Direct Stream Digital and the Power of Imagination

(First published in Australian HI-FI, March/Apr 2016, v.47#02, pp.26-28, as ‘DSD vs. PCM – Which is the Best’)

Around fifteen years have elapsed since the Super Audio CD was introduced. Sony and Philips had hoped that this new 12cm disc format might replace the CD. As we all know, both SACD and DVD Audio — the competing high resolution audio disc format — never made any headway outside the audiophile community.

But now, with increasingly fast Internet speeds and increasingly cheap digital storage, the high resolution digital audio first provided on SACD and DVD Audio is now available for download. The SACD-equivalent downloads are in the form of DSD – Direct Stream Digital, the underlying digital format used for DSD. The DVD Audio-equivalent downloads are typically in FLAC — Free Lossless Audio Codec — which simply contains the granddaddy of digital audio formats: PCM (Pulse Code Modulation).

But while the ground has shifted, the battle continues. Since the start there have been those convinced that SACD is in some fundamental way ‘better sounding’ than PCM-based audio. Today it is now DSD vs PCM.

Many of the DSD claims are, I think, a product of Sony and Philips’ marketing hype at the time of the launch of SACD. They sound like harsh words, and they are, but let us consider what these companies achieved.

They managed to convince the audiophile community that this digital format was somehow more ‘analogue’ than Pulse Code Modulation. But of course it isn’t. Digital is digital.
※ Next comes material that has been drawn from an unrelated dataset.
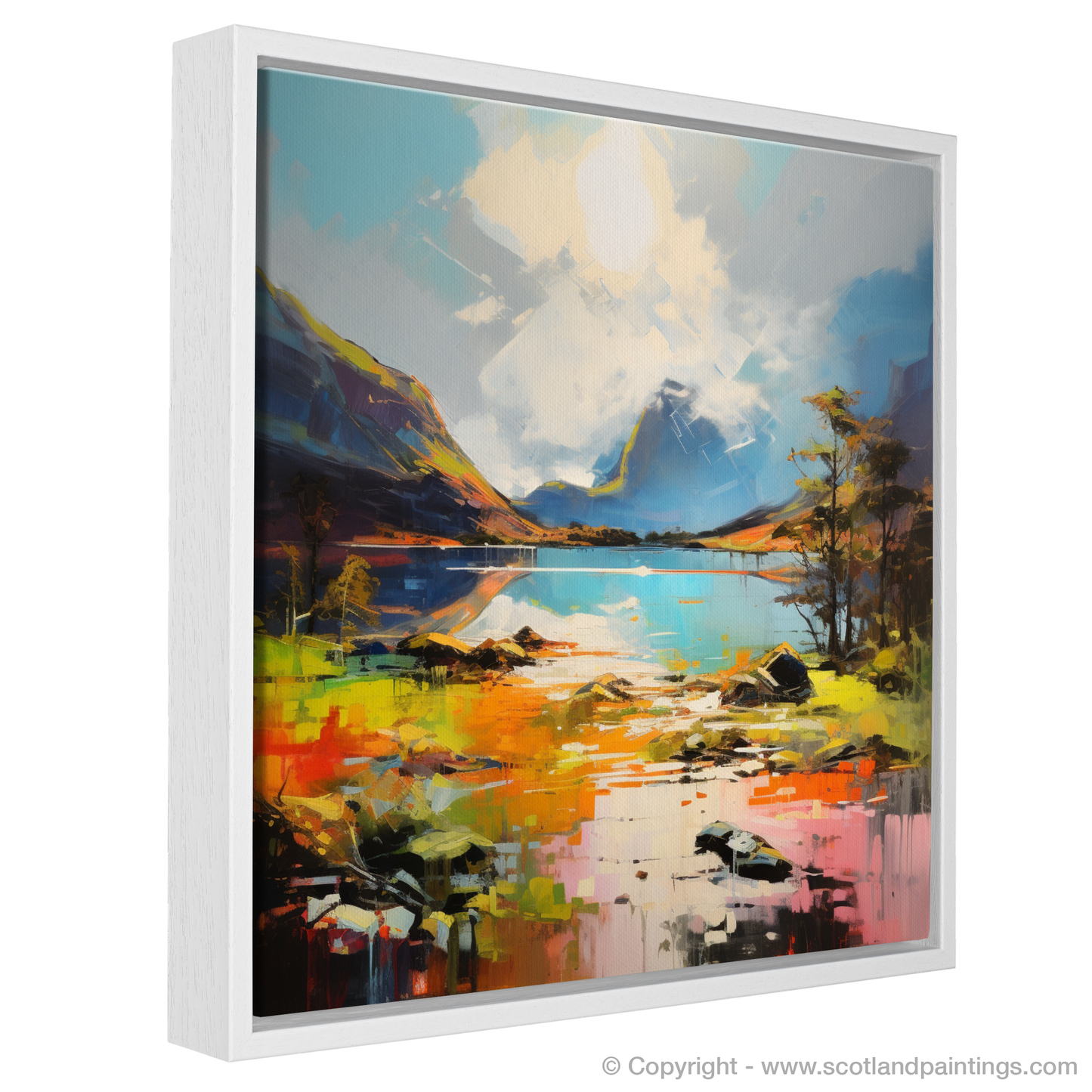 Painting and Art Print of Loch Maree, Wester Ross in summer entitled "Summer's Embrace at Loch Maree".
These are alternative ways of digitally capturing a wave form, but in the end, each maxes out at a particular level of accuracy determined in large part by the bitrate of the digital data.

SACD Insert

Sony and Philips also made more specific claims. In an insert in many SACDs, especially in the early days, they said: ‘Where CD frequency response extends to 20,000 Hz, DSD technology can theoretically reach 100,000 Hz. Where CD has dynamic range of 96 dB, DSD recording can achieve 120 dB across the entire audible range.’

Cool, huh?

But as we shall see, these claims are highly misleading. In reality, it is a rare DSD recording that has an effective frequency response much beyond 30,000 hertz. That isn’t because of the recording. That’s because of the design of the Direct Stream Digital process itself that was touted as an improvement on PCM.

Indeed, it’s extremely hard to reconcile these two statements:

– ‘DSD technology can theoretically reach 100,000 Hz’, and
– ‘On-Chip 50 kHz Filter to Meet Scarlet Book SACD Recommendations’

DSD FilterThe second of those is from the datasheet of a popular PCM/DSD DAC chip, the Cirrus Logic CS4398 (PDF). Yes, even while Sony and Philips were promoting that 100kHz bandwidth for SACD, its formal specification ‘recommended’ that players filter the output at 50kHz.

WHAT IS DSD? HOW DOES IT DIFFER FROM PCM?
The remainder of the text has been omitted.